For a long time, we were a three-bedroom family and the only ones lucky enough to experience a shared bedroom, were me and my husband.
My husband and I in one room and one boy in each of the others. This was perfect for us, while we had a baby in the house. With the boys separated, my youngest could take two naps a day without banishing his older brother from his own bedroom and my husband and I were able to implement a “divide and conquer-ish” method during bedtime. It also worked well because, with a 3-year-old and an infant in the house, prospective “guests” weren’t exactly banging down the door to stay with us – so our need for a guest room was NIL.
But as our boys got older and their toys seemingly started mating and multiplying in secret (how the heck did we end up with so many Legos?), we decided that we might actually like to have some of our living space back and so no longer would our children get to occupy two-thirds of the rooms in our house.
So shortly after their 5th and 2nd birthdays, they became roommates and I braced myself for a nap time apocalypse.
However, against all odds, this transition not only went well – it freaking rocked my face off. Because apparently, one of the only things that keeps kids from coming out of their room one bajillion times before falling asleep, is having their only live-in playmate in the room with them.
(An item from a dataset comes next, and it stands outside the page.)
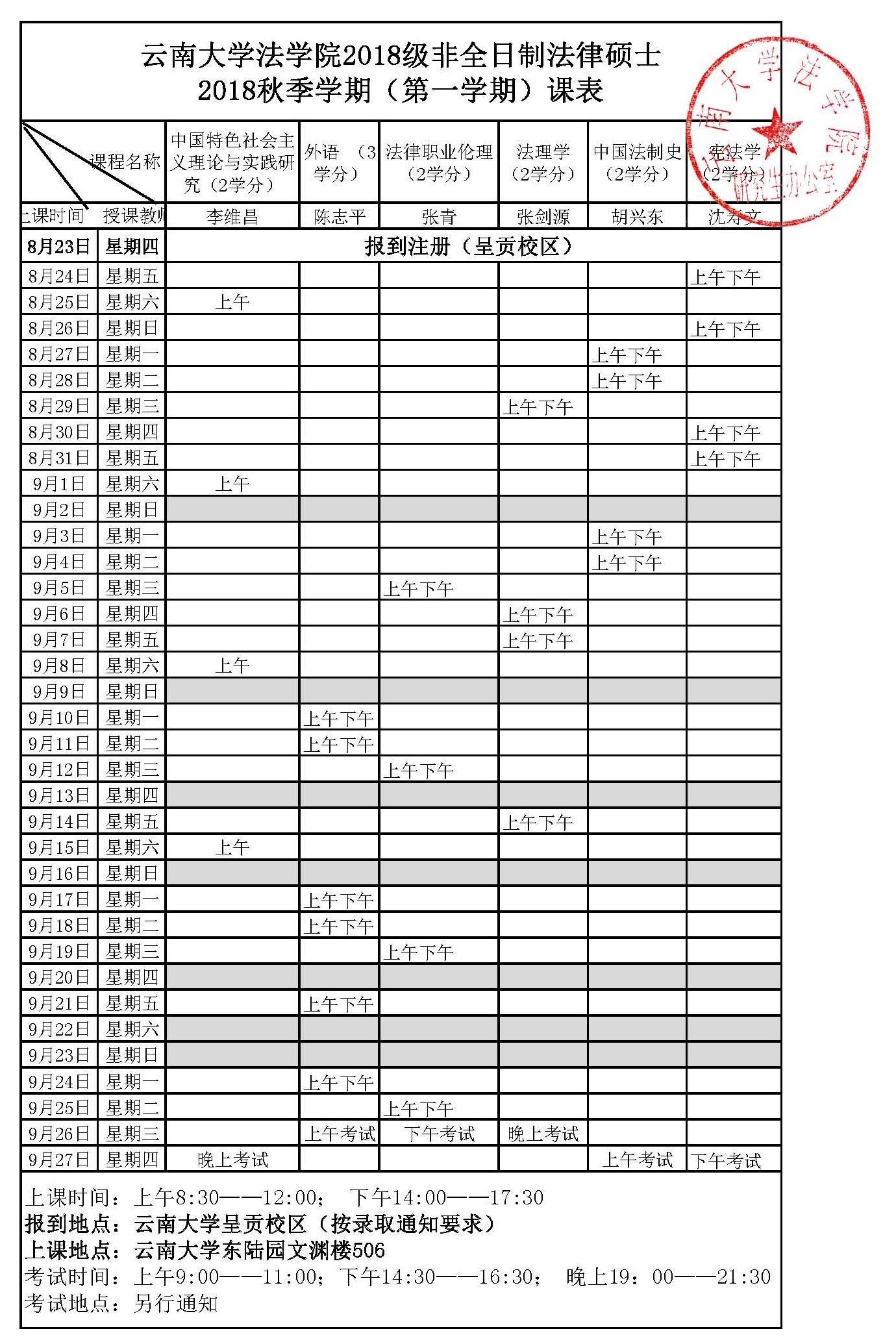 非全日制法律硕士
Now, I know room-sharing can certainly go awry and I won’t try to pretend this one has been completely stress-free, however we did try a few things that I think are worth sharing with any prospective room-sharers out there…
One Transition at a Time
This is not the time to transition your little one from a crib to a toddler bed. I know someone once said something about a used bandaids and about doing a bunch of hard things all at once, but that person was gross. And a moron.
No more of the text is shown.